- Starring: Abram Boise; Adam Larson; Shane Landrum; Veronica Portillo; Kina Dean; Angel Turlington; Dan Walsh; David Leach; Ivory Martinez; Jerry Green; Kristen White; LaMonte Ponder; Derek McCray; Tori Hall; Mike Flatley;
- Presented by: Drew Bell
- No. of episodes: 15

Release
- Original network: MTV
- Original release: January 30 – May 9, 2007

Season chronology
- ← Previous Road Rules: X-Treme Next → -

= Road Rules 2007: Viewers' Revenge =

Road Rules: Viewers' Revenge is the fourteenth and final season of the MTV reality television series Road Rules. The season premiered on January 30, 2007, at 9:00 pm EST/PST and ran through May 9, 2007. The cast is made up of six former Road Rulers and ten "Pit Crew" members.

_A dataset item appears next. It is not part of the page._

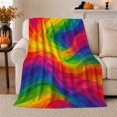 thumbnail image 1 of Abstract Rainbow Wave Spectrum Art, Dramatic Coastal Landscape Scene, Warm Flannel Blanket for Beach House and Living Room, Beach Lovers Housewarming Gift, Coastal Home Decor, 1 of 9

This is the first MTV reality show to be filmed and then aired in near real time with input from viewers at home.

The cast drove around California, Arizona, and Nevada competing in various missions. Each mission earned a prize of $10,000 to be pooled and split by the six cast members who made it to the finale. In addition to the cash prize, individual cast members won a Mazda3.

This season brought several changes, most notably the requirement for some to face-off against pit crew members for the right to stay on the RV. The cast was also given money and filming was not done on an ongoing schedule. This season also included new sponsorships from Wendy's and Mazda.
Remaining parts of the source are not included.